The Iraqi leader, in a meeting with the ambassadors in Baghdad, said they had to "reveal the foul intentions of the American administration and its evil aims in the Arab Gulf region," the television said, showing footage of the meeting.
Saddam and his officials said on Sunday Iraq was doing all it could to cooperate with the United Nations, which has scores of inspectors scouring the country for evidence of nuclear, chemical or biological weapons.
Iraq insists it has no secret weapons and challenged Washington to send in CIA agents to prove otherwise.
U.S. officials dismissed that offer on Monday, saying Iraq had no say in the inspections process.
"The burden of proof is on Iraq to give verifiable evidence that they've eliminated their weapons of mass destruction," a senior U.S. official said. Iraq should focus on cooperating with inspectors, he added.
The United States and Britain have made no secret of their preparations for war to back up demands that Saddam come clean.
Their verbal battles with Iraq have been fueled by leaked media reports of a predicted ground war victory in two days and of plans for a joint seaborne invasion on Iraq, a country that has hardly any coast.
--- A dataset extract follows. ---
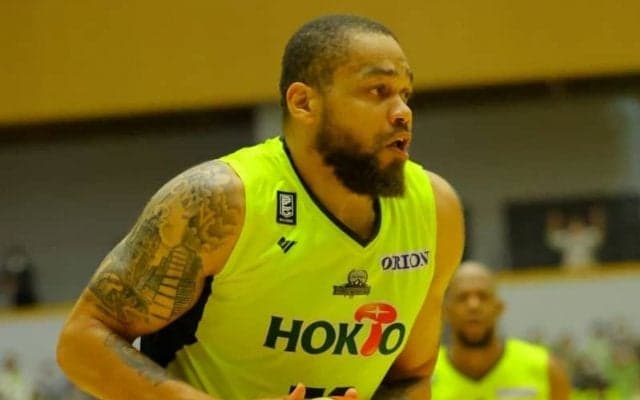 信州のウェイン・マーシャルが負傷…右膝外側半月板断裂で全治3～6カ月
And Israel this week stepped up preparations for a possible U.S.-led military campaign against Iraq after Washington declared it was entering the "final phase" in forcing Saddam to disarm.
INTERVIEWING SCIENTISTS
The Vienna-based U.N. International Atomic Energy Agency said on Monday it has begun the process of interviewing Iraqi scientists they had identified after talking to technicians during inspections at several suspect Iraqi sites.
"We understand to a large extent where all the old scientists were and who all the new scientists are, so the interviews are conducted more efficiently," an IAEA spokesman told Reuters in Vienna.
But a spokesman for the U.N. inspectors in Baghdad said the arms experts had not yet interviewed Iraqi scientists formally. Asked if they had interviewed anyone privately so far, he said: "Not in the formal sense of the word, (not) in a secluded way.
"It is not a simple matter. It involves a number of factors that have to be sorted out," he told a news conference.
IAEA director-general Mohamed ElBaradei told CNN his agency was also making provisions to conduct interviews outside Iraq if necessary.
Last month's U.N. Security Council resolution allows weapons inspectors to facilitate the travel of those interviewed and their family outside Iraq. But Iraqis fear retribution by the authorities against their wider families.
One of at least five sites visited by U.N. experts on Monday was a closed baby milk plant where the facility chief told reporters later: "It was an ordinary visit and we answered all their questions."
The factory was flattened by the Western allies in the first Gulf War who said it was a secret chemical weapons plant. The factory was rebuilt but the Iraqis say it was closed three years ago due to the cost of producing milk compared to importing it.